Now you can find real American Wagyu, but it’s essentially a 50/50 crossbreed between Japanese Black or Brown Wagyu cattle and Angus cattle. It’s still an incredible experience, but it isn’t quite to the same level as a 100% pure-blood Wagyu experience.
For more information, check out our article on Wagyu steaks that is a deep dive on everything you need to know to get started with Wagyu.
The Fattiest Cuts Of Steak
1. Ribeye Steak
To some, a ribeye steak is the king of steaks. It comes from the rib area of the cow which is an area that did not see much work during the cow’s life. The rib primal is comprised of ribs six through 12. Ribs one through five are part of the chuck primal while the rest of the ribs beyond 12 are part of the loin primal.

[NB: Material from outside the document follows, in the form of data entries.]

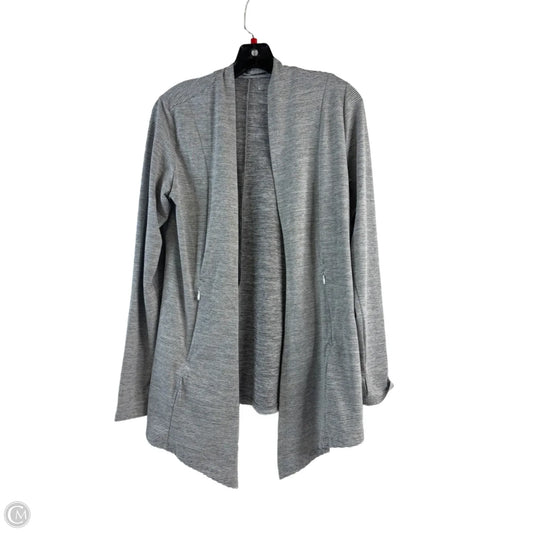 Cardigan By Market & Spruce In Striped Pattern, Size: S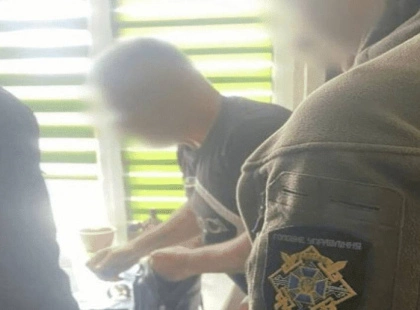 Пропаганда в соцмережах: на Київщині затримано іноземця за виправдання агресії рф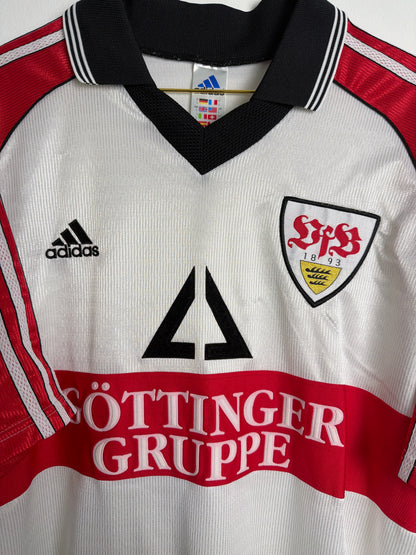 VfB Stuttgart 1998/99, Heimtrikot, L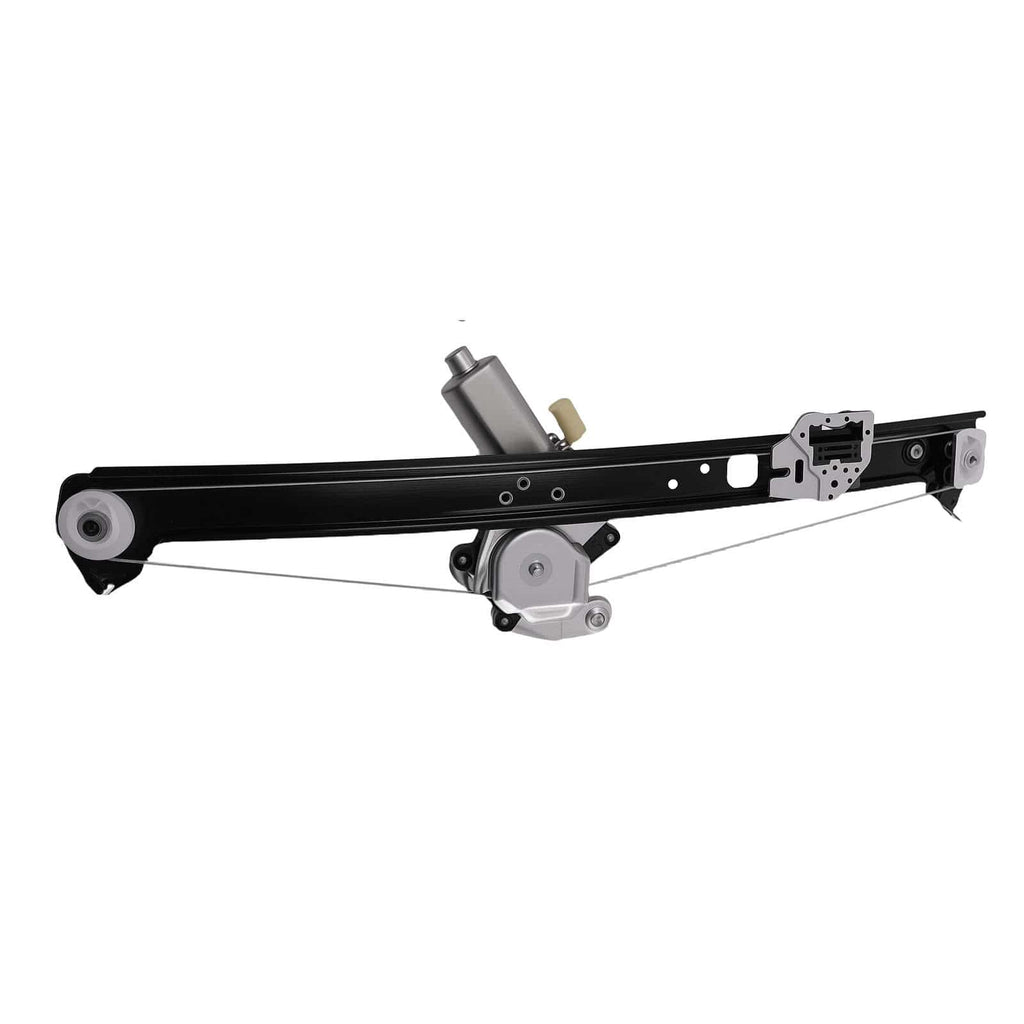 Neu Elektrischer Fensterheber kompatibel für BMW X5 E53 2000-2006 Hinten 51357125059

Thanks to the low amount of work the muscles associated with the ribeye did during the cow’s life, it’s tender, well-marbled, and part of everyone’s favorite big roast, the prime rib. You can find ribeye steaks that are an inch thick or up to three inches in thickness with a rib bone or boneless. If you find a bone-in ribeye that’s two to three inches thick and the end of the bone has been frenched, or cleaned of any meat and connective tissue, you’ve got a cowboy steak ideal for reverse searing. Cowboys are very similar to a Tomahawk steak, but they do not have the long french cut bone attached.
If we consider ribeyes to be the king of steaks, and you want the best of the best, you’ve got to look for genuine Wagyu ribeyes. Check out our review of The Meatery’s American and Australian Wagyu ribeyes then head over to the website in the review to check them out for yourselves. If you’re looking for a true steak-eating experience, you can’t go wrong with Wagyu ribeyes from The Meatery.
3. New York Strip Steaks
Whether you call it a New York strip steak or a Delmonico steak, this steak cut from the short loin on a cow is one of the best steaks out there. The short loin doesn’t do much work during a cow’s life so it’s tender and has plenty of marbling. That ensures a final steak that is juicy and has a big, beefy flavor.
New York strip steaks are not typically thick enough that reverse-searing is necessary for a tender result, but you can absolutely do that if you want. However, most people prefer the simple method of searing over high heat whether on a grill or in a skillet. For more info on New York strip steaks and how to cook them, check out our write-up of the iconic steak.
3. T-Bone Steak
Maybe you can call this a little unfair since the New York strip steak is actually part of a T-Bone steak, but since you can buy a T-Bone steak, it makes the cut. The T-Bone is from the front part of the short loin with the iconic t-shaped bone running through the middle of the steak that gives it its name.
The larger meat section of the T-Bone steak is the New York strip if separated. The smaller side is the beef tenderloin. So in fact, T-Bone steaks are two separate cuts of beef in one that requires a bit more attention than a New York strip steak by itself.
What might confuse you even further is that the next steak on this list, the Porterhouse, features the same two cuts of meat.
4. Porterhouse Steak
If you looked at a T-Bone and a Porterhouse steak side-by-side and didn’t know exactly what you were looking for to differentiate between the two, you might think you were looking at two fo the same steaks. That’s because both steaks feature the New York strip steak and the tenderloin.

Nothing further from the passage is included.